The head of a pre-military academy in the West Bank settlement of Eli spoke out last week against military service for Orthodox girls. In a lecture to young male students, captured on video and broadcast by Channel 10 television, Rabbi Yigal Levinstein said: “They’re driving our girls crazy. They draft them. They go in Jewish and they’re not Jewish when they come out; not in terms of genetics. Their whole system of values becomes confused, their priorities – home, career.
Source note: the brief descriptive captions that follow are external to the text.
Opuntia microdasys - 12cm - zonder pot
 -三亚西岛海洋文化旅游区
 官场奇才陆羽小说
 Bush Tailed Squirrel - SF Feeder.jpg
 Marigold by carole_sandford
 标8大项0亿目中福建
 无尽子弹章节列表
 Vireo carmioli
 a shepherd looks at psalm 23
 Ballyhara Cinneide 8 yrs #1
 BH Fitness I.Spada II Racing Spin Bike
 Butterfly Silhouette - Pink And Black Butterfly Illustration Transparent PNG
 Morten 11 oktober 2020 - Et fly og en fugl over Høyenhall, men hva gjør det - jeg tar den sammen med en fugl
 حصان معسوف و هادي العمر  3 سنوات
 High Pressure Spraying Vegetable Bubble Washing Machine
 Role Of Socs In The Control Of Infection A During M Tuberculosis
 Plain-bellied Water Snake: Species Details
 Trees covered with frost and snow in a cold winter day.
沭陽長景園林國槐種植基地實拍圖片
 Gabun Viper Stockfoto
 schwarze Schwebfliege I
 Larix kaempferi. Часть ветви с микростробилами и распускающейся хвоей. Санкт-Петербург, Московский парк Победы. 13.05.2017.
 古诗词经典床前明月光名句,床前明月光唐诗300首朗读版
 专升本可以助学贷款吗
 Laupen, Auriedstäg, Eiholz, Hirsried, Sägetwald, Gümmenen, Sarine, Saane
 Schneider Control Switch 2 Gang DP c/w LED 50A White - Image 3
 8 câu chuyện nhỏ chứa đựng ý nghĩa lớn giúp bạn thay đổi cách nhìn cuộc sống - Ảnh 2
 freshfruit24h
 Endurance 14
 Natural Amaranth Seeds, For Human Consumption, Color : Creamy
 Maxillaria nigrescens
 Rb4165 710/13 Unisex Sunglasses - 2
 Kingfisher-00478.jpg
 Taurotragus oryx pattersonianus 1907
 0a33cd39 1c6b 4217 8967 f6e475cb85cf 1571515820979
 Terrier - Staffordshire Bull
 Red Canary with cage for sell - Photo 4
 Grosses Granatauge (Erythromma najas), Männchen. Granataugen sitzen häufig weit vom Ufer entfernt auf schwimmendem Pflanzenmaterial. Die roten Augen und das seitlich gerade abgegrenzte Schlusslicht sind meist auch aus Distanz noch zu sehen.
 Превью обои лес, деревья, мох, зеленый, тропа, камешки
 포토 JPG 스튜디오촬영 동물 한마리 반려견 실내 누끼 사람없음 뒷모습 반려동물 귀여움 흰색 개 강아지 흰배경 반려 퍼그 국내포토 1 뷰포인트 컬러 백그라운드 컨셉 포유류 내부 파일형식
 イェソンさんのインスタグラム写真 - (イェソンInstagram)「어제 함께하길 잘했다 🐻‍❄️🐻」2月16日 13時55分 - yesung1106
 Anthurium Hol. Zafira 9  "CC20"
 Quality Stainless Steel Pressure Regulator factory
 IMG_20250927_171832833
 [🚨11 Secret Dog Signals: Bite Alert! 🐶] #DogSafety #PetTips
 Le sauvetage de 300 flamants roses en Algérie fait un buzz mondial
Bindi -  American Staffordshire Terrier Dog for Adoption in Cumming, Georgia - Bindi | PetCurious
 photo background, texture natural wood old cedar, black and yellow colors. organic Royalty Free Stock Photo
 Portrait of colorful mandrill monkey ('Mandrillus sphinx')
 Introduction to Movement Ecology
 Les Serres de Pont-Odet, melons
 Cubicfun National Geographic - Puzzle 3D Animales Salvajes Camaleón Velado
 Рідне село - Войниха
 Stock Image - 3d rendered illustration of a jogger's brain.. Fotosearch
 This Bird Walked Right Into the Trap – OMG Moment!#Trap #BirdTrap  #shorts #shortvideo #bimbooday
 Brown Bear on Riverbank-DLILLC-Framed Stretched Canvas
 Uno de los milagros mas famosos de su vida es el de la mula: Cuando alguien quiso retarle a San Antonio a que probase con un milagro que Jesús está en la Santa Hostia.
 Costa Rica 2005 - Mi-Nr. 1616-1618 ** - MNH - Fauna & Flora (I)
They’ll make them all crazy. Agreeing to this is forbidden.”
Levinstein had a close relationship to Israel Defense Forces commanders until he spoke out publicly last summer against the IDF policy of treating gay soldiers in an egalitarian manner, and called gay people “perverts.” Since then, the army has not allowed Levinstein to lecture to soldiers.
Levinstein was harshly criticized at the time by members of the national religious camp, including the chairman of Habayit Hayehudi, Education Minister Naftali Bennett.
About a week ago, speaking to students at Eli who had come from another pre-military academy, Otzem, which is ideologically close to the Eli academy, he once again criticized the army on a variety of issues, focusing mainly on women.
“Bamahane is the army magazine. For a decade I’ve seen pictures only of girls,” Levinstein told the young men, who are soon to be drafted. “I ask myself, are there any male soldiers in the army? I never see pictures of boys. And if there are, they’re with girls and all of them in camouflage paint ... Somebody told me ‘Don’t worry, they’re practicing for their wedding, putting on makeup.’ I don’t know who will marry her. She’ll tell her children stories at night about battles ‘We lay in ambush, we threw grenades’ the kid will make her nervous That’s called new families, right? Two fathers. An insane asylum, simply an insane asylum.”
Levinstein prefaced his remarks against drafting women by saying: “So what if she’ll be a company commander? It’s craziness; it belongs in an insane asylum. But this is a religious girl, forget about the secular people.”
Over the past few years, the drafting of women has been on the agenda of the stricter Orthodox rabbis as an increasing number of women graduates of Orthodox high schools have ignored the rulings of such rabbis against the draft. The IDF Manpower Directorate reported a few months ago that in 2015, 2,159 Orthodox women were drafted into the army and that their number is growing by 10 percent a year. Of the Orthodox women who are being drafted, 9 percent are going into combat positions.
In light of this, Liba, an organization of the same ideological bent as Levinstein’s, launched a campaign against drafting Orthodox women. The organization also criticized Bennett for his willingness to allow organizations that encourage women’s draft into religious high schools.
The lecture to the students from the Otzem academy, which is located in the community of Naveh in the Negev, was defined as preparation for the army. During the lecture, Levinstein addressed other matters that worry him, such as what he called diminished religious practice of soldiers during their service, the attitude of commanders to increased numbers of Orthodox soldiers and what he considers liberalism in the IDF. “The liberal concept cannot lead a person to sacrifice his life,” Levinstein said.
Levinstein encouraged the young men to marry early, if possible during their military service, which he said would ensure a home infused with religious ardor if they chose an appropriately religious wife. This, he said, was because men “leave the house at 6 A.M. and return at the earliest at 6 P.M. ... and in any case someone else is running the home.”